Lançado em 1993, Nome, de Arnaldo Antunes, repercutiu na cena cultural do país.
Figura significativa do Rock nacional da década de 1980, ao lado dos outros Titãs, do pessoal Ira!, de Cazuza, de Renato Russo, de Humberto Gessinger, Arnaldo Antunes carregou, desde os trabalhos anteriores à banda e ao rock para tocar em rádios experiências performáticas, multimídia, revelando-se um vanguardista. Os Titãs traziam esta marca nas aparições na televisão e nos shows. Outra marca da banda e do compositor, que o cd/livro Nome apresenta, são as letras viscerais, escatológicas, que era um diferencial, se comparado ao lirismo de Renato Russo, e que são, se comparadas ao Pop atual e à poesia contemporânea.

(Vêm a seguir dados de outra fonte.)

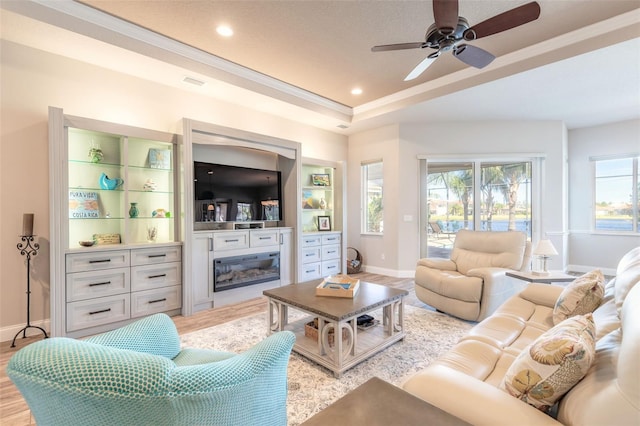 living room with a wealth of natural light, ceiling fan, light hardwood / wood-style floors, and ornamental molding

Trabalhos, como os do poeta paulista Arnaldo Antunes, que exploram o verbal e o não verbal, o apelo sensorial, de forma tão visceral, são provas de maturidade para concretizar a Poética contemporânea. Arnaldo Antunes visa à renovação da poesia, mostrando que não se faz um poema apenas para a leitura com o olhar. O poema é para o tato, a audição, a visão, o olfato e o paladar. É para os sentidos físicos absorvê-lo e enviá-lo para a degustação do intelecto. E ele encontrou no mundo virtual, as ferramentas para a execução de sua obra.